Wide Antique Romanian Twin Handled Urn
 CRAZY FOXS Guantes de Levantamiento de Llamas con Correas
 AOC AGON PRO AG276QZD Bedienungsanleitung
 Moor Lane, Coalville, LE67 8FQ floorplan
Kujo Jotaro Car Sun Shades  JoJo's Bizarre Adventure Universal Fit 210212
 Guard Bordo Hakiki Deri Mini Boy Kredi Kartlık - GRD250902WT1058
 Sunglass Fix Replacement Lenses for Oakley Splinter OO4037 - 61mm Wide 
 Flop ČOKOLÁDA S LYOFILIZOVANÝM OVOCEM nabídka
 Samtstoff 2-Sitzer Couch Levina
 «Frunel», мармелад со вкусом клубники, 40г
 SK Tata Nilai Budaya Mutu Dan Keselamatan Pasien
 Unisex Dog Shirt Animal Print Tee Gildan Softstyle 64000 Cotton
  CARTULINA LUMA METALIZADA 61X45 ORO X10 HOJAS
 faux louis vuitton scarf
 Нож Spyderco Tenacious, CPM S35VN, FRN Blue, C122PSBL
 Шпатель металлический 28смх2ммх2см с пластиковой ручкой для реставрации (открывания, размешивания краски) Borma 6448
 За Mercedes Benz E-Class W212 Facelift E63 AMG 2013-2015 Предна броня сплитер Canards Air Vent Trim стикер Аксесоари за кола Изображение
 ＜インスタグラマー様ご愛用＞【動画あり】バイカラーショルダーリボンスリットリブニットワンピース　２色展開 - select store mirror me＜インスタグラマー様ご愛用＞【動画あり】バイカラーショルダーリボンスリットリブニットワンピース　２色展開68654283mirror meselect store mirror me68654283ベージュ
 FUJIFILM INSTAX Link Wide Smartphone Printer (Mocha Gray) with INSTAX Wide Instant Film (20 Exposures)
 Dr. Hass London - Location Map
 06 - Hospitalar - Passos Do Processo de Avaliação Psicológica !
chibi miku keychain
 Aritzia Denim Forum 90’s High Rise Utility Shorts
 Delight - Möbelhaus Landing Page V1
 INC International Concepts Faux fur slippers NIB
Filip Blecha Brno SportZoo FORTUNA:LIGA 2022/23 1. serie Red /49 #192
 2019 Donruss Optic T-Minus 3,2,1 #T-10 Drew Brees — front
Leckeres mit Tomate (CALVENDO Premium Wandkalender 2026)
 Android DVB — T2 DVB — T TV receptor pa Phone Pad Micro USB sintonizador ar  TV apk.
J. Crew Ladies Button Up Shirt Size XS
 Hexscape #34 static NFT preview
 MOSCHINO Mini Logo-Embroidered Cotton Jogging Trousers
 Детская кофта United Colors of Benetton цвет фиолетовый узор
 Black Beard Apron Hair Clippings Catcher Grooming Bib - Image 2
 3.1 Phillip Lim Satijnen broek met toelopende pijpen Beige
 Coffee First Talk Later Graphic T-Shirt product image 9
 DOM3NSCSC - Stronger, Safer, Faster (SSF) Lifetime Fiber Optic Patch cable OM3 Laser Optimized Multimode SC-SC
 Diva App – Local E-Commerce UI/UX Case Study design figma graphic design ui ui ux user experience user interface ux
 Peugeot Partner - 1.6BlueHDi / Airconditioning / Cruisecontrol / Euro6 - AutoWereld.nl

◆ ◆ ◆

Faithfully reproduce all of the material.

▶ _Response_
Wide Antique Romanian Twin Handled Urn
 CRAZY FOXS Guantes de Levantamiento de Llamas con Correas
 AOC AGON PRO AG276QZD Bedienungsanleitung
 Moor Lane, Coalville, LE67 8FQ floorplan
Kujo Jotaro Car Sun Shades  JoJo's Bizarre Adventure Universal Fit 210212
 Guard Bordo Hakiki Deri Mini Boy Kredi Kartlık - GRD250902WT1058
 Sunglass Fix Replacement Lenses for Oakley Splinter OO4037 - 61mm Wide 
 Flop ČOKOLÁDA S LYOFILIZOVANÝM OVOCEM nabídka
 Samtstoff 2-Sitzer Couch Levina
 «Frunel», мармелад со вкусом клубники, 40г
 SK Tata Nilai Budaya Mutu Dan Keselamatan Pasien
 Unisex Dog Shirt Animal Print Tee Gildan Softstyle 64000 Cotton
  CARTULINA LUMA METALIZADA 61X45 ORO X10 HOJAS
 faux louis vuitton scarf
 Нож Spyderco Tenacious, CPM S35VN, FRN Blue, C122PSBL
 Шпатель металлический 28смх2ммх2см с пластиковой ручкой для реставрации (открывания, размешивания краски) Borma 6448
 За Mercedes Benz E-Class W212 Facelift E63 AMG 2013-2015 Предна броня сплитер Canards Air Vent Trim стикер Аксесоари за кола Изображение
 ＜インスタグラマー様ご愛用＞【動画あり】バイカラーショルダーリボンスリットリブニットワンピース　２色展開 - select store mirror me＜インスタグラマー様ご愛用＞【動画あり】バイカラーショルダーリボンスリットリブニットワンピース　２色展開68654283mirror meselect store mirror me68654283ベージュ
 FUJIFILM INSTAX Link Wide Smartphone Printer (Mocha Gray) with INSTAX Wide Instant Film (20 Exposures)
 Dr. Hass London - Location Map
 06 - Hospitalar - Passos Do Processo de Avaliação Psicológica !
chibi miku keychain
 Aritzia Denim Forum 90’s High Rise Utility Shorts
 Delight - Möbelhaus Landing Page V1
 INC International Concepts Faux fur slippers NIB
Filip Blecha Brno SportZoo FORTUNA:LIGA 2022/23 1. serie Red /49 #192
 2019 Donruss Optic T-Minus 3,2,1 #T-10 Drew Brees — front
Leckeres mit Tomate (CALVENDO Premium Wandkalender 2026)
 Android DVB — T2 DVB — T TV receptor pa Phone Pad Micro USB sintonizador ar  TV apk.
J. Crew Ladies Button Up Shirt Size XS
 Hexscape #34 static NFT preview
 MOSCHINO Mini Logo-Embroidered Cotton Jogging Trousers
 Детская кофта United Colors of Benetton цвет фиолетовый узор
 Black Beard Apron Hair Clippings Catcher Grooming Bib - Image 2
 3.1 Phillip Lim Satijnen broek met toelopende pijpen Beige
 Coffee First Talk Later Graphic T-Shirt product image 9
 DOM3NSCSC - Stronger, Safer, Faster (SSF) Lifetime Fiber Optic Patch cable OM3 Laser Optimized Multimode SC-SC
 Diva App – Local E-Commerce UI/UX Case Study design figma graphic design ui ui ux user experience user interface ux
 Peugeot Partner - 1.6BlueHDi / Airconditioning / Cruisecontrol / Euro6 - AutoWereld.nl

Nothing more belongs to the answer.